'''

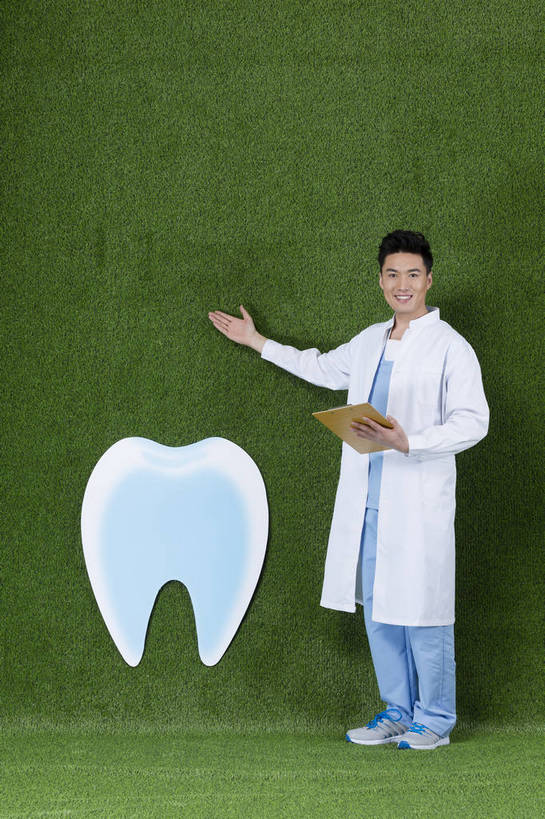 东方人,成年人,一个人,竖图,彩色,工作服,制服,快乐,信心,草地,草坪,北京,中国,亚洲,仅一个男性,仅一个人,绿色背景,图片,注视,黄种人,仅一个年轻男性,绿色,草皮,观察,看,放松,自信,摄影,观看,察看,愉悦,关注,单人,东亚,工作制服,单独,男人,男性,年轻男性,亚洲人,中国人,年轻人,全身,影棚拍摄,工作套服,开心,愉快,bj174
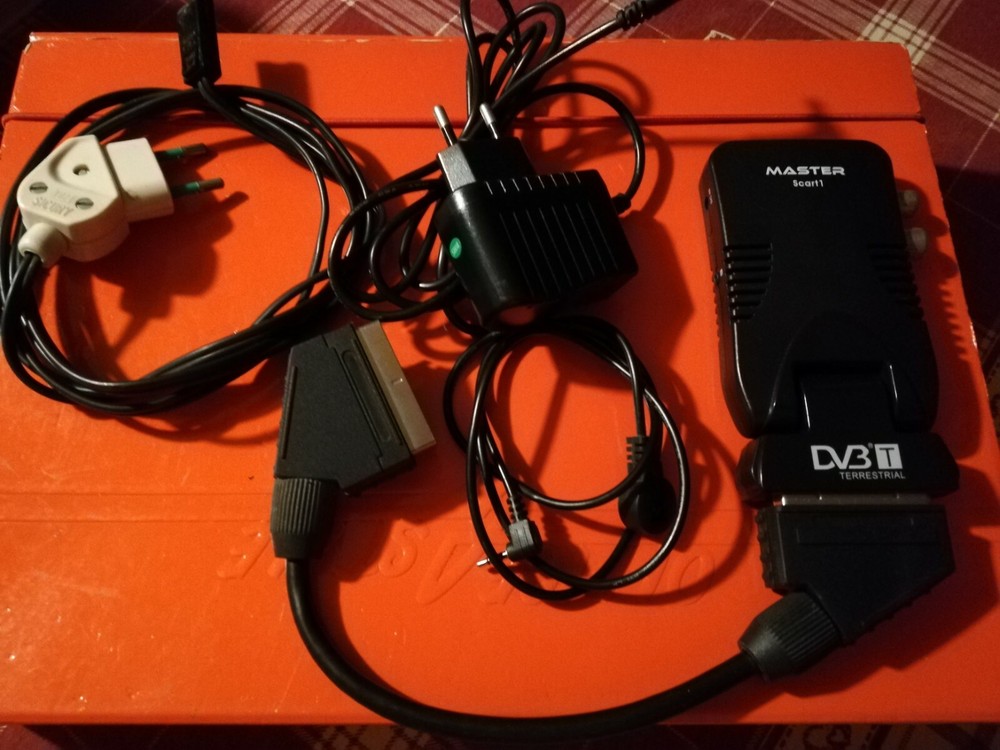MASTER Scart1 DVBT - Digital Earth Decoder without Remote Control - Black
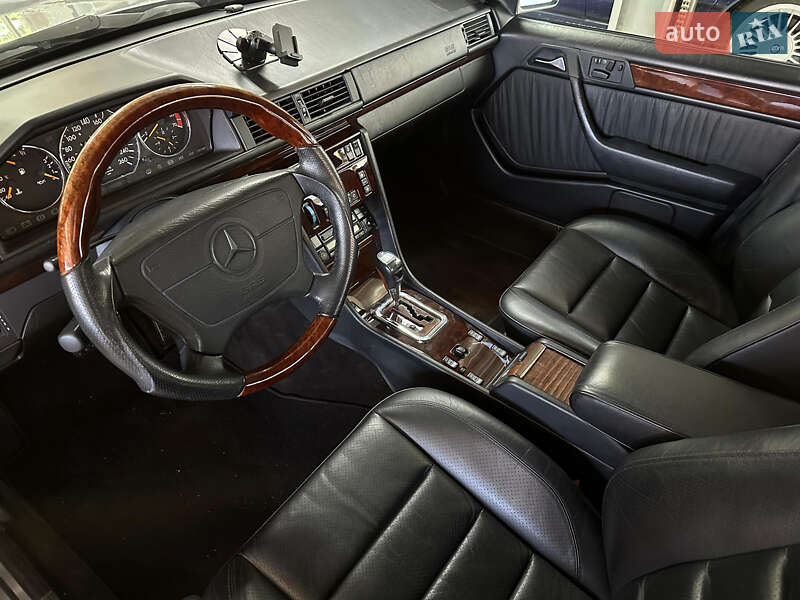 Седан Mercedes-Benz E-Class 1993 в Києві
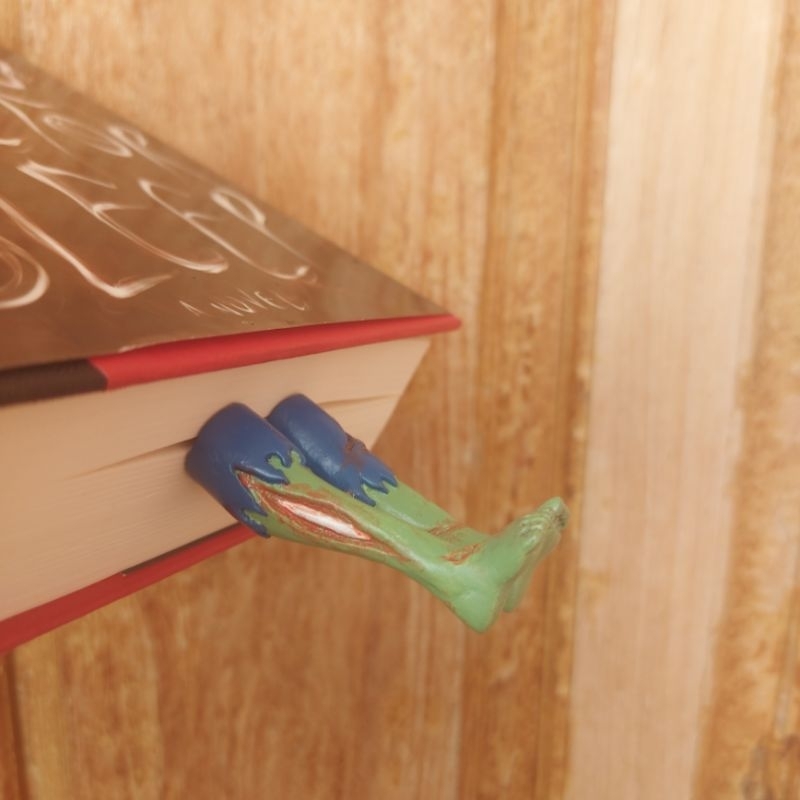 

resin bookmark with jumbo paperclip / pembatas buku resin dengan paperklip jumbo KAKI ZOMBIE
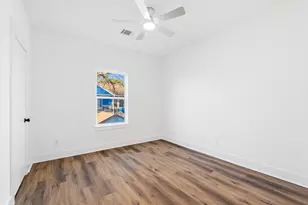 214 S Y St, La Porte, TX 77571 - Photo 10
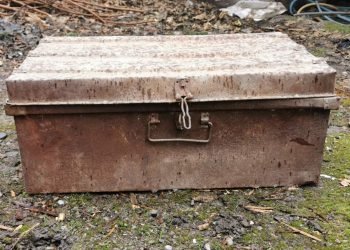 سندوقەکا جلکێن بویکینیێ بۆ بەری 53 سالان ڤەدگەریت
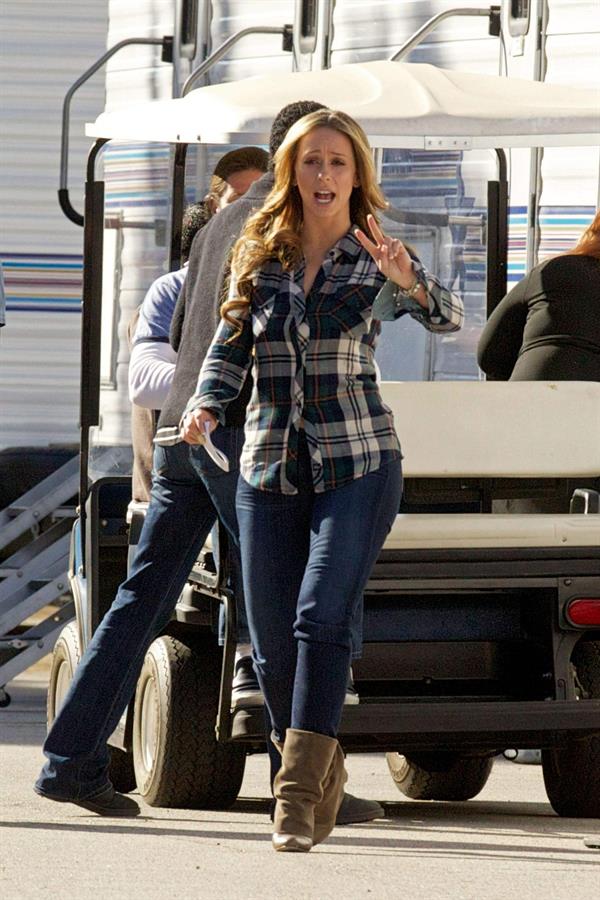 Jennifer Love Hewitt on the set of The Client List in Sherman Oaks February 1, 2013 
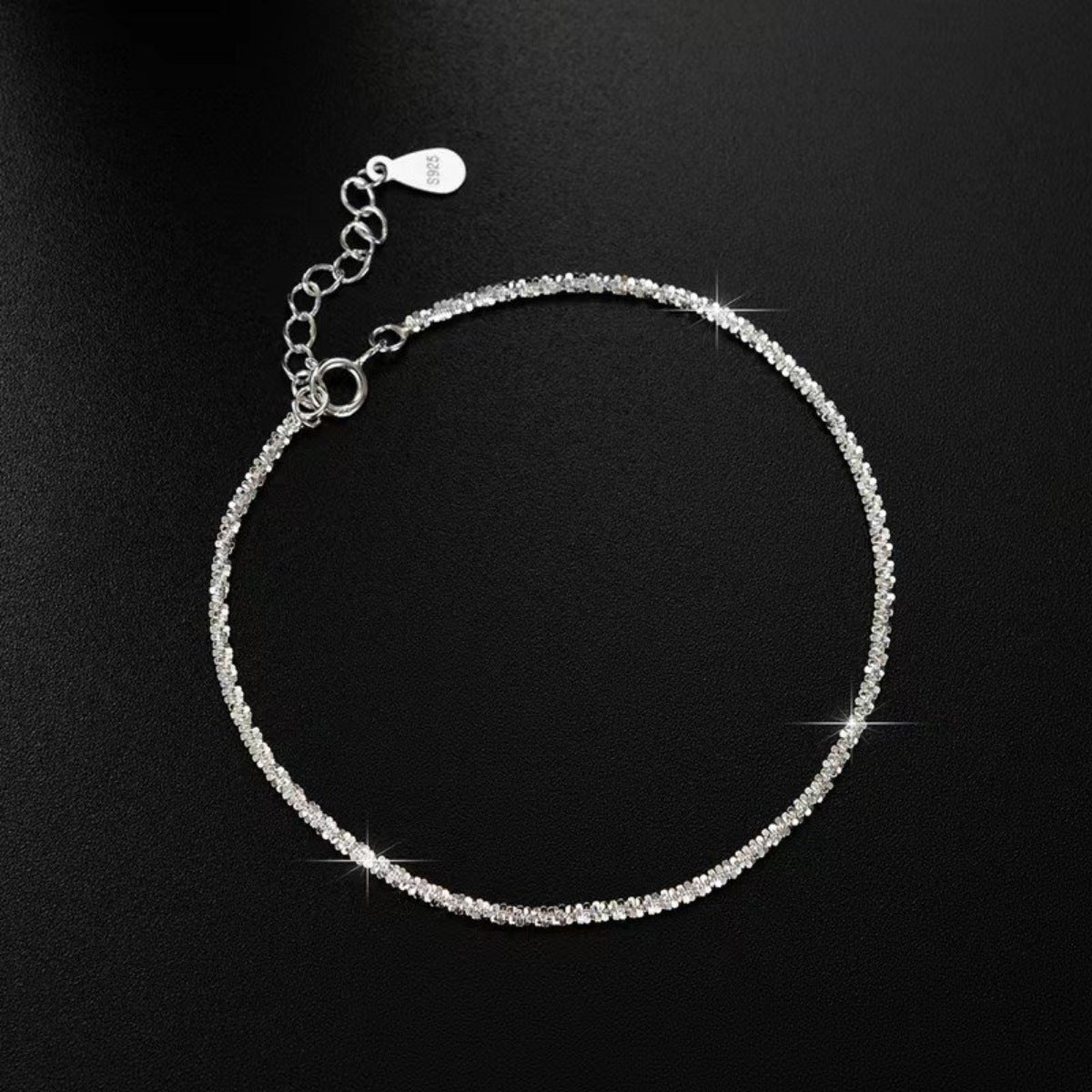 bracelet in silver featuring adjustable and chain fit
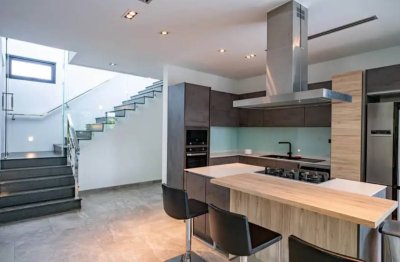 2R0730 ให้เช่า pool villa 4 ห้องนอน 5ห้องน้ำ ราคา 150,000/เดือน โซนเชิงทะเล,ถลาง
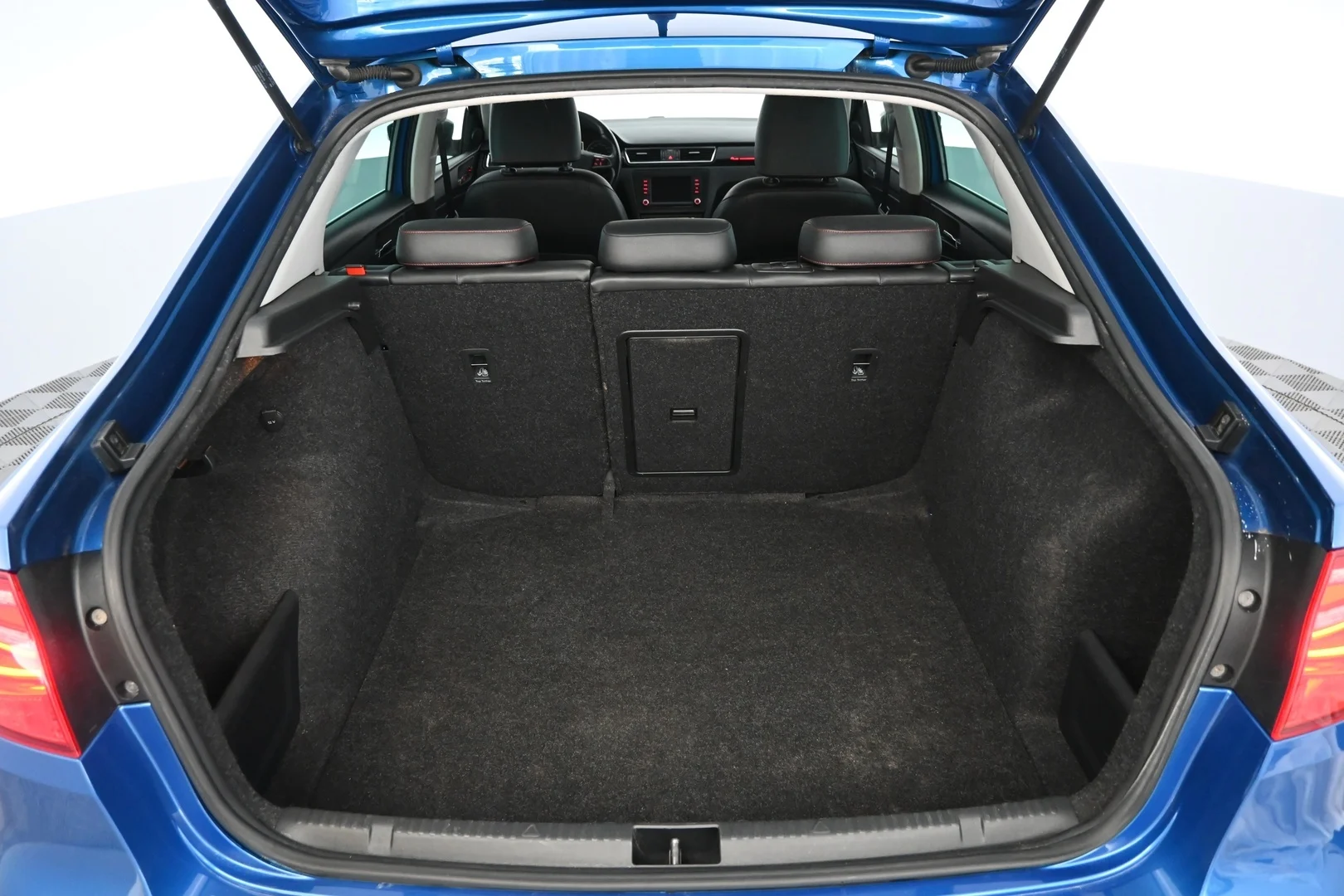 Car Image - 499CA670rAQsgD8pW0UXJf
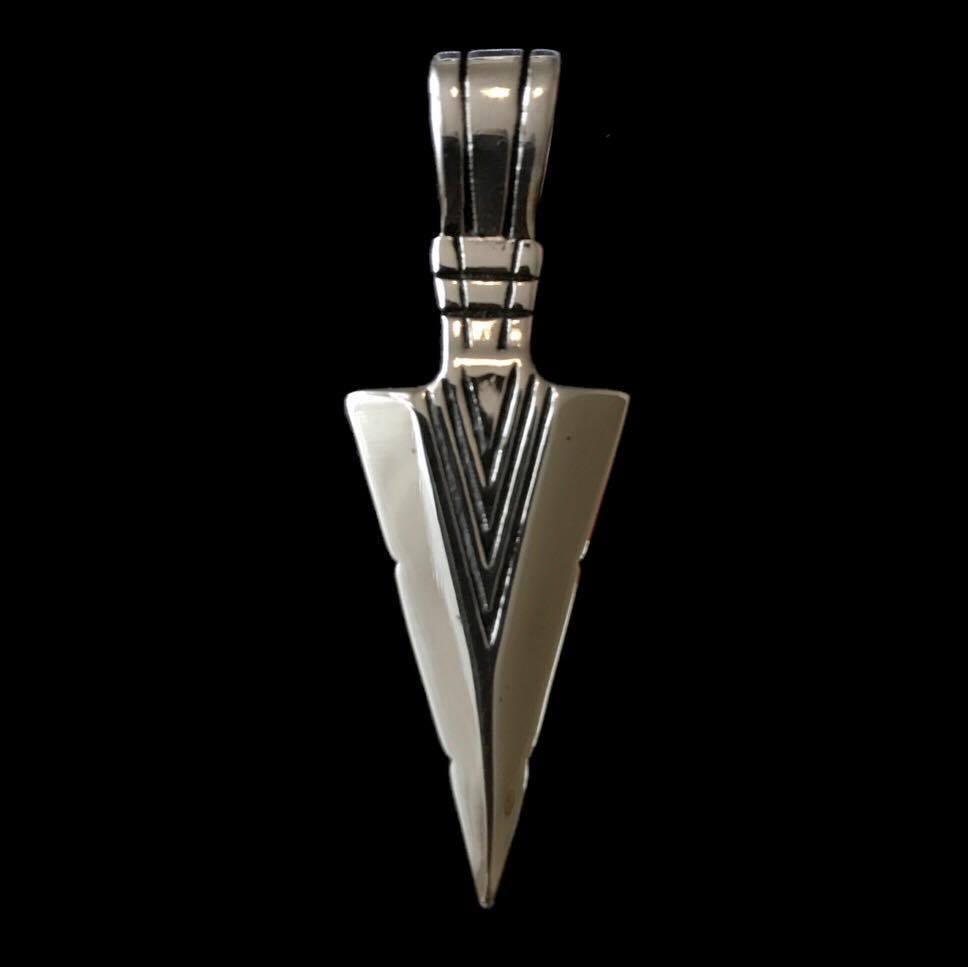 Surgical steel pendant, Arrowhead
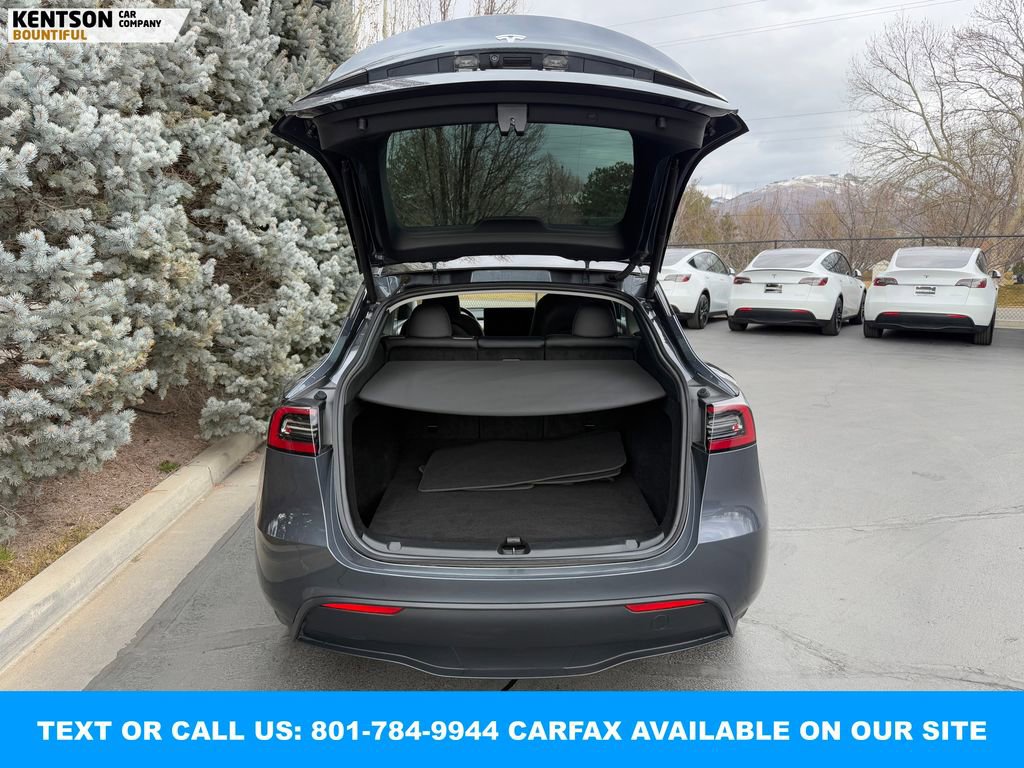 Used 2023 Tesla Model Y Long Range image 34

'''

Work request: Before duplicating, set the pictures aside; then output exactly the lines from the one with "2R0730 ให้เช่า pool" through the end of the records, and only those.

Expected answer:
 2R0730 ให้เช่า pool villa 4 ห้องนอน 5ห้องน้ำ ราคา 150,000/เดือน โซนเชิงทะเล,ถลาง
 Car Image - 499CA670rAQsgD8pW0UXJf
 Surgical steel pendant, Arrowhead
 Used 2023 Tesla Model Y Long Range image 34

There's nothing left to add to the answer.